My question is: how could I represent $u^{ab}$ as a matrix as well as $p^{cd}$?
Furthermore how can I represent the adjoint ($8$) of $SU(3)$ which now has mixed symmetry:
$q^{[eg]f}$.
Ultimately I want to be able to do this for any rep of any SU(N) group. This way, it makes coding the contractions explicitly easier.
An example of such a contraction would be say $\bar{3}\otimes\bar{3}\otimes\bar{3}$. i.e :
$$ u\otimes u\otimes u $$ which will give you the following decomposition
$1 + 2(8) + \bar{10}$.
For my purposes, I want to contract the singlet with the Levi-Civita symbol, thus giving:
$$ u^{ab}u^{cd}u^{ef} \epsilon_{abd}\epsilon_{cef}. $$ The above should cancel as all the $u's$ are the same.
I want to show this computationally, however I need to imput a specefic form of the matrix of $u$ to perform such a sum. In physics, reps of of various $SU(N)$ groups are used to encode particles. Taking the product of various reps and contracting the singlet form of the product with the Levi-Civita tensor is of some interest, and is what I am working on. Hence the above question.

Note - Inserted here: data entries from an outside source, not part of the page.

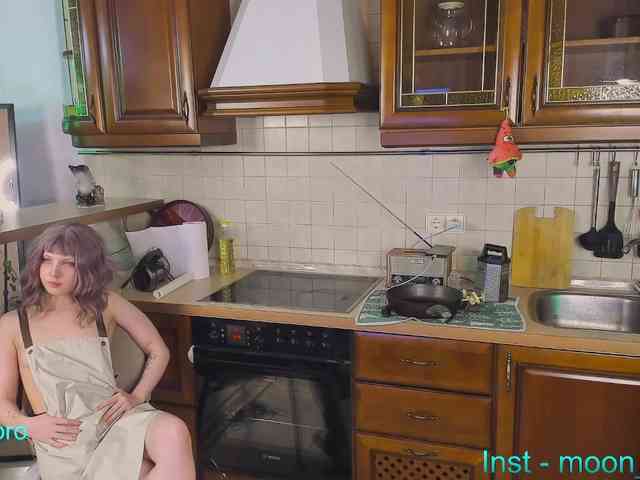 moonwway webcam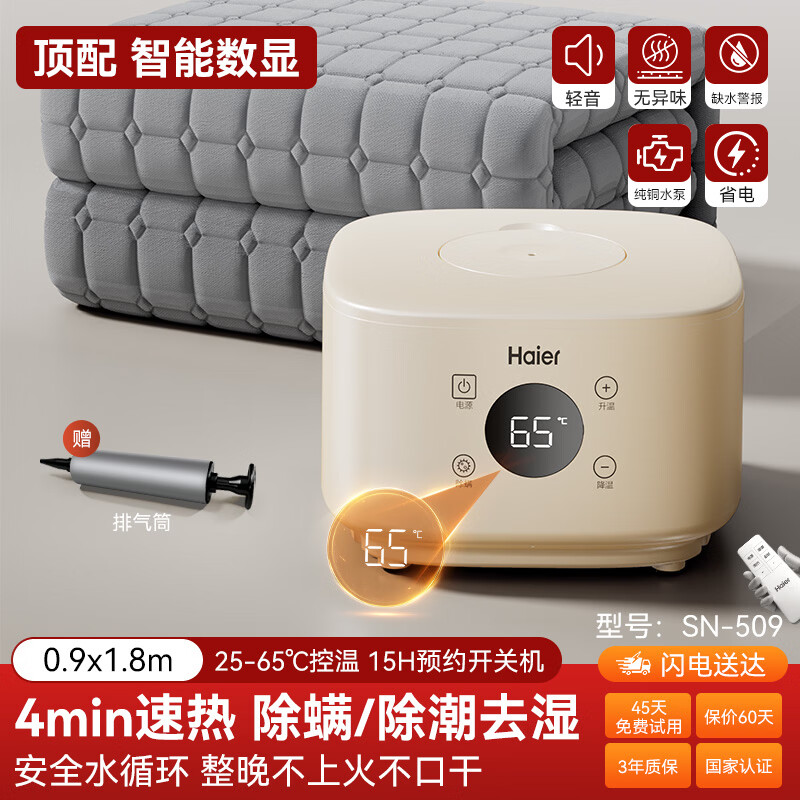 海尔（Haier）水暖毯双人电褥子家用取暖器除湿除螨水循环床垫定时恒温电热毯 【0.9x1.8m遥控款】（除潮除螨+超轻音+不上火+速热）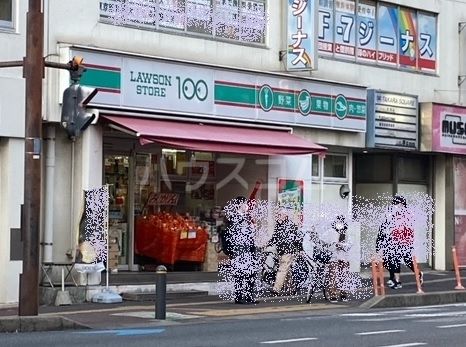 コンビニ　ローソンストア100稲毛駅前店（コンビニ）まで344m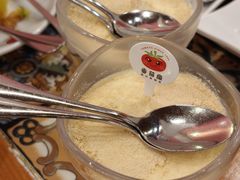 -番茄屋葡式美食(总店)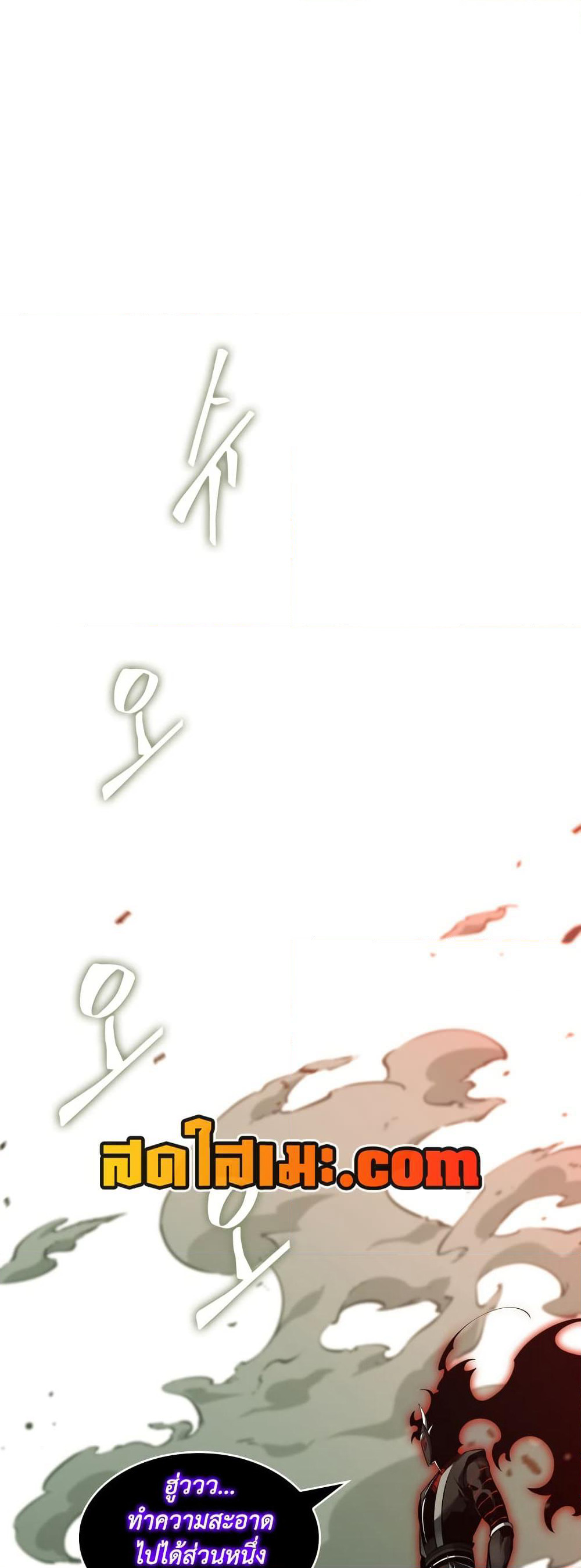 Tomb Raider King ราชันย์จอมโจรปล้นสุสาน page 21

There are various methods for constructing $su(3)$ basis states. Possibly the least painful one from an operational perspective was given by Rowe, D. J., B. C. Sanders, and H. de Guise. "Representations of the Weyl group and Wigner functions for SU (3)." Journal of Mathematical Physics 40.7 (1999): 3604-3615 and relies on duality between $SU(3)$ and $SU(2)$ irreps in symmetric irreps of $SU(6)$. If $$ \vert s_im_i\rangle = \frac{(a_{i1}^\dagger)^{s_i+m_i}(a_{i2}^\dagger)^{s_i+m_i}}{\sqrt{(s_i+m_i)!(s_i-m_i)!}}\vert 0\rangle $$ is an $su(2)$ state written in terms of creation operators acting on the vacuum, then the linear combination \begin{align} &\vert(\lambda,\mu)\nu_1\nu_2\nu_3:I\rangle\nonumber \\ &=\sum_{m_1m_2m_3}C^{I,N}_{\frac{1}{2}\nu_3m_3;\frac{1}{2}\nu_2m_2} C^{\frac{1}{2}\lambda,\frac{1}{2}\lambda}_{,N;\frac{1}{2}\nu_1m_1} \vert \textstyle\frac{1}{2}\nu_1m_1\rangle \vert \textstyle\frac{1}{2}\nu_2m_2\rangle\vert \textstyle\frac{1}{2}\nu_3m_3\rangle \end{align} where $C^{J,M}_{j_1m_1;j_2m_2}$ is an $su(2)$ Clebsch-Gordan coefficient, and $(\lambda,\mu)$ are the Dynkin labels. Thus: $$ (\bar 3)\leftrightarrow (0,1)\, ,\qquad (6)\leftrightarrow (2,0)\, ,\qquad (8)\leftrightarrow (1,1) $$ and I think $(\overline{10})$ would be $(0,3)$.
In general constructing states is quite messy. In the case of the fundamental it's not that hard, and in case of $(\bar 3)$ it's also not so bad since it's just a determinant, but there is no easy way to get the other ones.
It is also possible to use Clebsch-Gordan technology and at least one online program for the $su(n)$ coupling.